Rest: In general, I have been doing so much better with this over the past month. Bedtime is getting more consistent, getting up early is getting generally easier, and my recovery numbers are veeeery slowly improving on my WHOOP. I am also making myself have “down time” every single day, regardless on what my to-do list looks like. I want to get allll the things done, but I know I will never function on the level I want to be, or even close, if I drive myself into the ground in the process of trying to get there. None of this is new, I am just doing better at noting and respecting my own needs. Today I am VERY tired, so, other than this post, my Morning Pages, some bible study, and a very short recovery ride and stretch later, I am doing nothing but recover today. I plan to watch a show, maybe crochet, and maybe even snooze a bit this afternoon.

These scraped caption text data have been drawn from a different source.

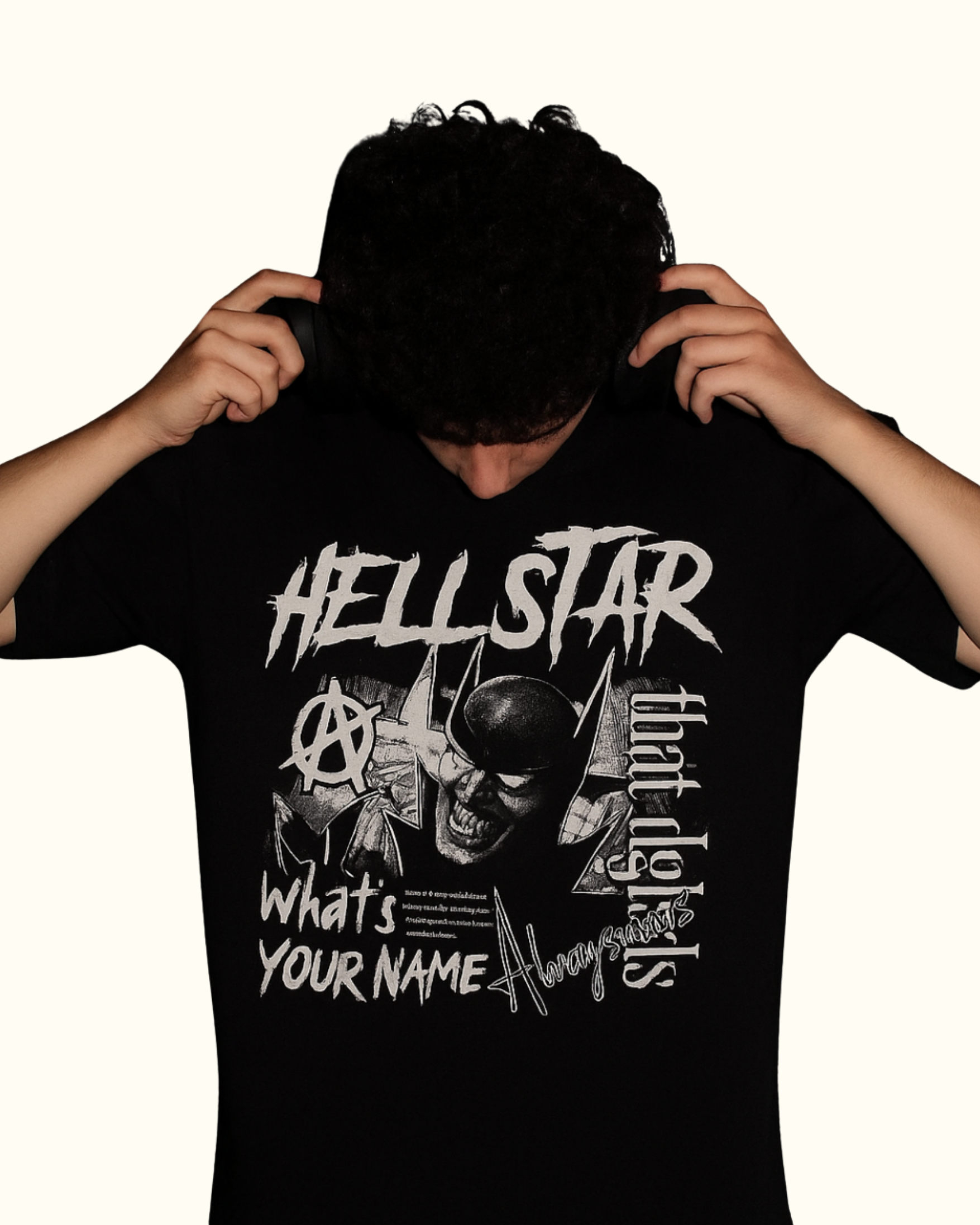 Kulted Oversized Graphic T-Shirt – Black | Hellstar Dark Knight & Joker Print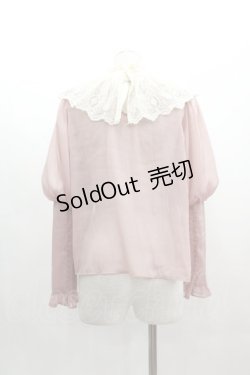 画像2: axes femme NOSTALGIE / レース襟付シフォンブラウス  ピンク I-25-03-12-010-AX-BL-HD-ZI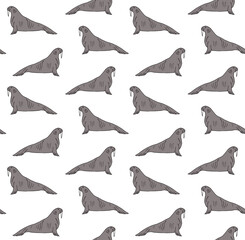 Vector seamless pattern of hand drawn doodle sketch walrus isolated on white background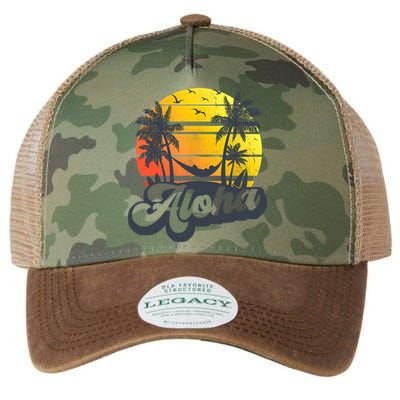 Aloha Hawaii Hawaiian Island Palm Trees Beach Vacation Legacy Tie Dye Trucker Hat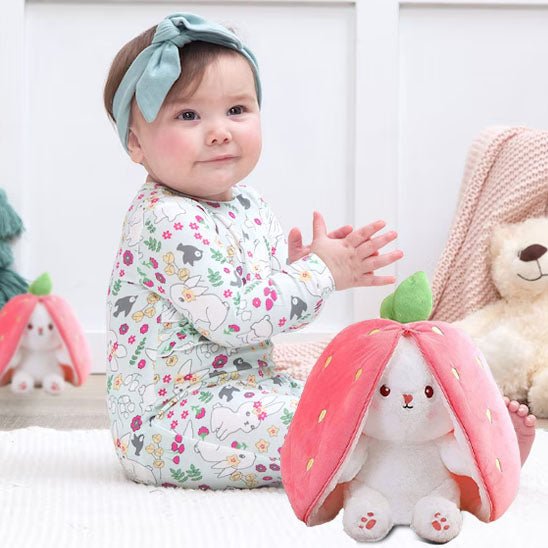 Doudou Lapin lapinounet fraise avec bebe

Exercise: I am keeping it simple with strength (currently HIITMAX Strong45) 5x a week, yoga in some form every day, 2 “real” and 3 low impact rides a week. It’s a bit exhausting right now, because I am still getting back into the habit of working out after being extremely inconsistent for the last quarter of last year. It’s hard to rebuild and respect my need for rest at the same time! I am already getting stronger, though, and I am SO excited to see that increase even more. Scott got me TRX rings to use for bodyweight rows, so I have great hope that my first pull up is closeer than ever! My goal for this week in this area is to finish strong and be ready to tackle next week’s workouts on Monday, so that when I start the second half of the program a week later, I will notice improvements in all areas of my performance. My reward for finishing STRONG45 at the end of February will be a set of 20lb dumbbells and an EZcurl bar to help take me to the next level.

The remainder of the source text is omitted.